In September 2014 a report by WWF and the Zoological Society of London announced that wildlife populations across numerous species have declined by 50% in the last forty years.

The principal causes are exploitation, environmental degradation and habitat loss, all the result of human activity. This astonishing news received modest media coverage for a few days and then vanished from sight, having failed to arouse significant interest.

The report’s fate in the public domain says much about what really matters to us in the ‘Information Age’, the era of the global civilisation. Humans have been altering the face of the planet for millennia and we consider this to be entirely normal. Extinctions of megafauna resulted from the spread of our human ancestors around the world, but the current rate at which we are destroying plant and animal life and natural habitats is without precedent.

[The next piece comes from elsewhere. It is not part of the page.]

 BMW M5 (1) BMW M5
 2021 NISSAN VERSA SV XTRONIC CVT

Our forbears, acting in isolated small groups, may not have been aware of the consequences of their day-to-day actions; we, however, cannot claim ignorance. One might expect this to give rise to reflection, if not outrage, but in fact there is scarcely any debate. For the most part we accept these changes as inevitable.

In recent decades growing concern about the impact of human activity on the planet has focused on climate change. The headline issue has been increasing carbon dioxide concentration in the atmosphere since the start of the industrial era. The steady accumulation of data has led to a broad scientific consensus about its causation and the probable effects, notwithstanding the efforts of a dissenting minority, largely neoliberal in politics and funded by big business.

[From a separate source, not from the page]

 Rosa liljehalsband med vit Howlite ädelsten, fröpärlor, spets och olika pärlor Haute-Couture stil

Nonetheless, the various attempts to reach international agreement to reduce carbon emissions have failed completely, and there is little prospect of success in the future. No country is genuinely willing to stop economic growth, while some appear to have cut emissions only by shifting industrial production to other countries and importing their products. The fact that the major effects of climate change will be felt in the future, most likely by other people and in other places, reinforces the belief it is someone else’s problem.

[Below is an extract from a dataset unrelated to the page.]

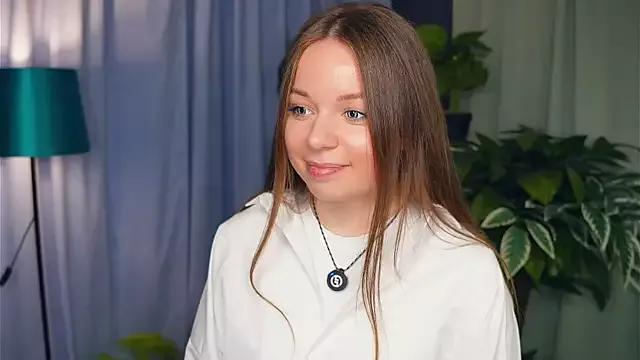 CloverCoey from StripChat is Freechat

The war of words about climate change has tended to obscure other, and arguably more pressing, ecological issues. These include: desertification; water depletion; pollution of the land, seas and air; radioactive waste; dwindling fish populations; soil erosion; and declining soil quality. All this is happening simultaneously and across all regions of the world, affecting not only our wellbeing but perhaps even our survival. All of the Earth’s life support systems are under stress and all the trends are adverse.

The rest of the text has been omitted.